Exercise directions: Once the line containing "Imagem de Adogirl" is found in the entries below, restate it and each following line word for word, stopping after the line containing "Printed Viscose Long".

Data for the task:
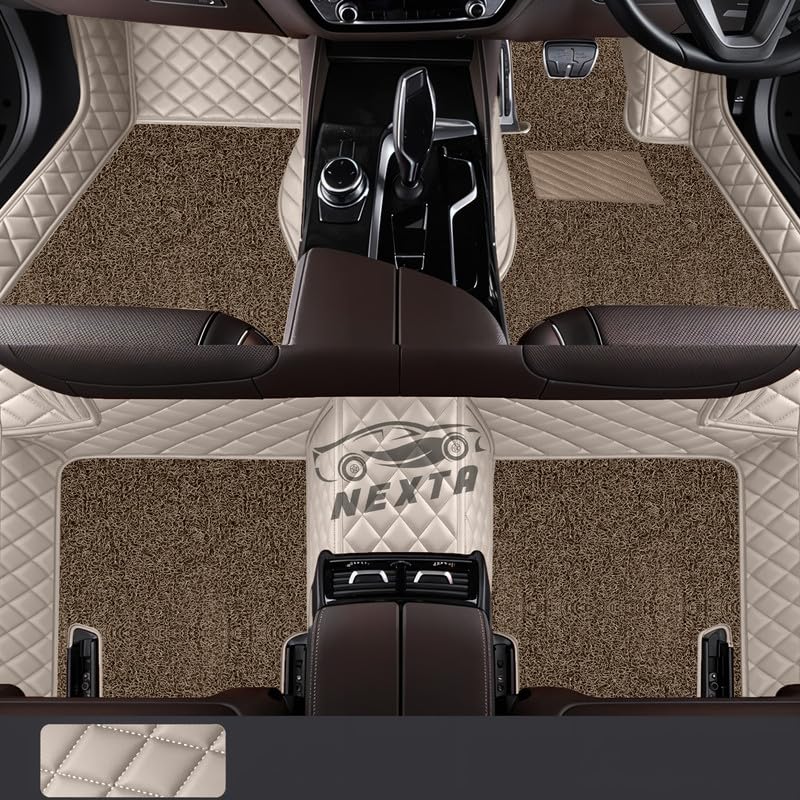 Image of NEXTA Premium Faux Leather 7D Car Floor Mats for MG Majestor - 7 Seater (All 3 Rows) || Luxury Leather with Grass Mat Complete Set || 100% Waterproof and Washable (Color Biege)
---
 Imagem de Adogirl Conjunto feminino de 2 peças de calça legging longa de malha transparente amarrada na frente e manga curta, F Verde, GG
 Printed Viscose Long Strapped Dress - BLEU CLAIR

Answer below:
 Imagem de Adogirl Conjunto feminino de 2 peças de calça legging longa de malha transparente amarrada na frente e manga curta, F Verde, GG
 Printed Viscose Long Strapped Dress - BLEU CLAIR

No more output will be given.